First, you should MD5 test the .iso image (if you downloaded and burned/wrote/mounted/extracted the .iso), to make sure it is not corrupted. See https://help.ubuntu.com/community/HowToMD5SUM. If this is Ubuntu 11.10 Oneiric Ocelot, then since the MD5 hashes for that version have so far not yet been added to https://help.ubuntu.com/community/UbuntuHashes, you'll have to use http://releases.ubuntu.com/oneiric/MD5SUMS or http://cdimage.ubuntu.com/xubuntu/releases/11.10/release/MD5SUMS (depending on what file you downloaded).

If the .iso image or Wubi.exe installer (whichever you downloaded) doesn't check out, then redownload it, MD5 test the newly downloaded file, and install with the new (good) file.

If the file does have the right MD5SUM, then you should consider how you are installing it. Are you installing it with the necessary privileges? If you are running Windows Vista or Windows 7 (or a version of Windows Server corresponding to either of them), then there is something called User Account Control that (if not disabled) automatically runs programs without administrative rights, even when they are run by administrative users, unless the programs demand and are granted administrative access, or you specify when running them that they must have this access. If you're running one of these versions of Windows, then you installed Wubi, did you install it by right-clicking on Wubi.exe and clicking "Run as administrator"? If not, try that, and see if that works.

If your downloaded file has the right MD5 sum and you're either running Windows XP or you get the exact same error when you run Wubi.exe as an administrator explicitly, then you are almost certainly suffering from bug 613288. It would then be helpful for you to post there with information about your hardware and Windows version and the release (i.e., version) and flavor of Ubuntu (Xubuntu, in this case) that you are trying to install. And there are some workarounds for the bug posted on the bug page, so that might enable you to solve the problem.

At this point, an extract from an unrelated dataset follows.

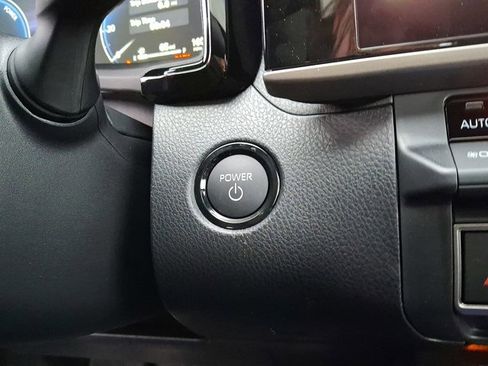 New 2026 Toyota Camry XSE image 18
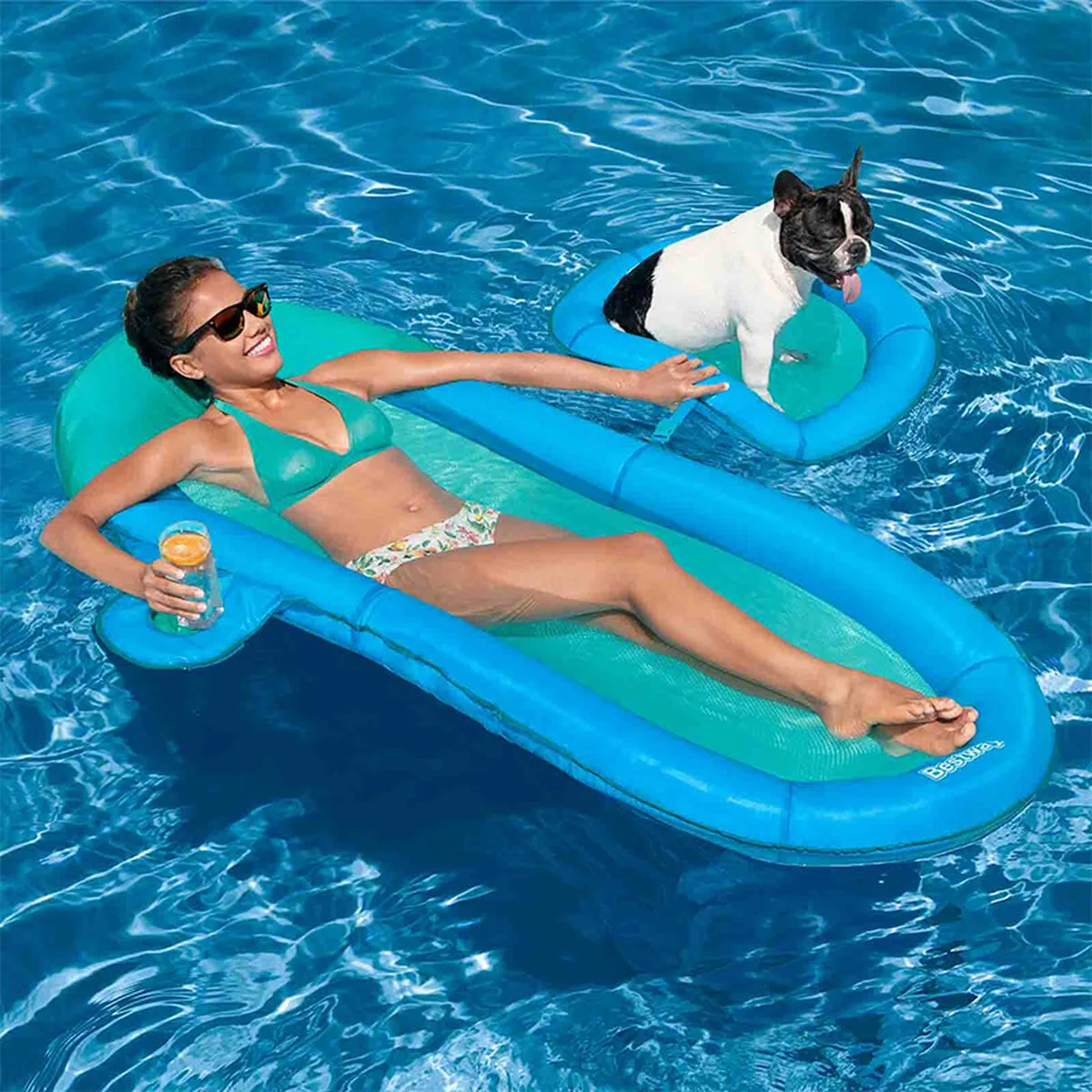 Bestway matelas gonflable deluxe flex n fold 171x94 cm plage et piscine 43553 d140029199. Diaytar a sélectionné pour vous une palette de produits allant de l'électronique grand public aux must-have de la maison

It also occurs to me that you might try installing a different version of Ubuntu, which might not have the problem, or that you might try installing a more standard Ubuntu system via Wubi (the bug happened with Kubuntu, suggesting that the problem might be specific to derivatives and not happen with regular Ubuntu in Wubi), and that you might try installing a regular, non-Wubi Ubuntu system (but then, I know you've tried that here; hopefully you'll be able to get that working).